Something like $10/day and you have to have a credit card to pay.

No TV for me when baby was napping…/sigh.
Had to get my fiance to entertain me, hehe.

I’m from Nanaimo, and though I don’t know or remember the prices of the TV or phone there, I know you’ve had to pay for it for years.

doesn’t seem right to charge that much for a little bit of comfort when you’re sick  :frowning:

Ah, I see. All that had been mentioned was that the OP saw someone installing some sort of unit–didn’t realize it was already in effect.

In that case, I think the “TV isn’t free” argument that myself and others have used stands strong on its own.

I think we’re missing the main point of his discussion piece, the fact that the city owns a television cable provider (which is providing services in most of the cities that NH serves in the western half of the region), thusly they should be more than able to provide the required television product and hopefully at a significantly lower rate than the out of town operation.

It would be the hometown benefit of owning such a company, as its proponents frequently point out.

NH should be thinking of the local community and the patients they serve in this case… 

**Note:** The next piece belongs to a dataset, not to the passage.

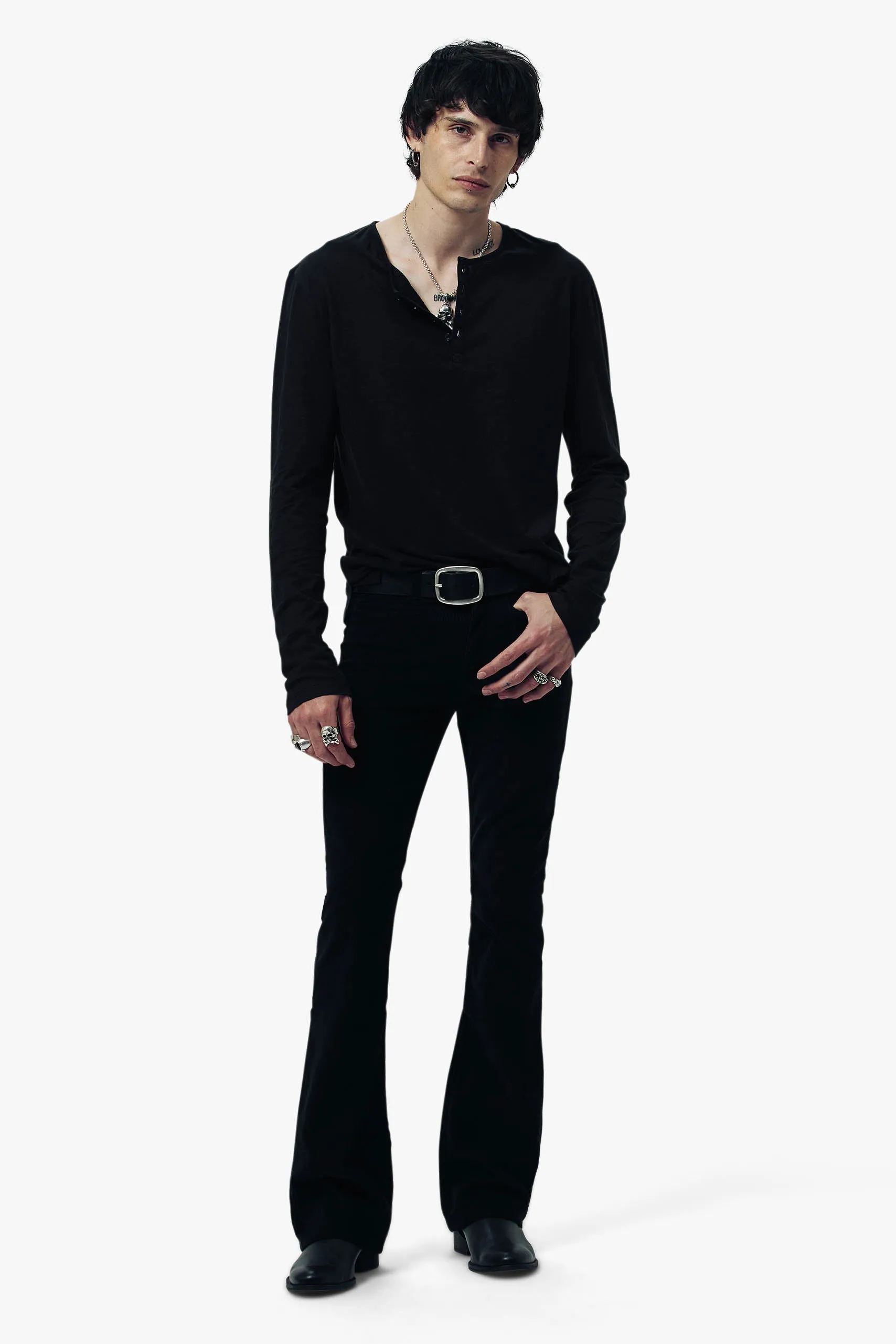 Damon Long Sleeve Henley T Shirt - Black sold by Other UK product image thumbnail 2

You are assuming of course that the local provider didn’t get outbid for the contract or that they even chose to bid at all. We ARE talking about the company who had to get dragged kicking and screaming into providing data services. Perhaps they believe that hospital patients wouldn’t want TV so there’s no reason to bid on the contract.

That’s possible, and it’s also possible that Hospitality Network offers something/things that our local provider does not. I imagine there’s something special about them if they provide service for hospitals accross the country.

I’d assume that something special would be kickbacks  :wink:

How about the actual equipment to watch TV?  CityWest couldn’t provide that in any case - unless they drastically change their business model.  They are a provider of TV signals - not TVs themselves.

Probably–but that’s no different than having Coca-Cola vending machines for the kickbacks, rather than having a local convenience store set up a small stand in the lobby.

Like it or not, the job of Northern Health is to make sure the people living within our region get the care they need. Complimentary television isn’t at the top of their list. If they need to charge for television, that’s understandable–the people who use the service will help pay for the service. Plus, I doubt people in the ECU will be on the same system, and therefore I doubt that people who DO stay in the hospital for extended stays will be paying the 300 dollars per month bill.

I think it’s silly that just because a City Councillor happens to be affiliated with Northern Health, we expect Northern Health to use a service that might be less beneficial for the hospital.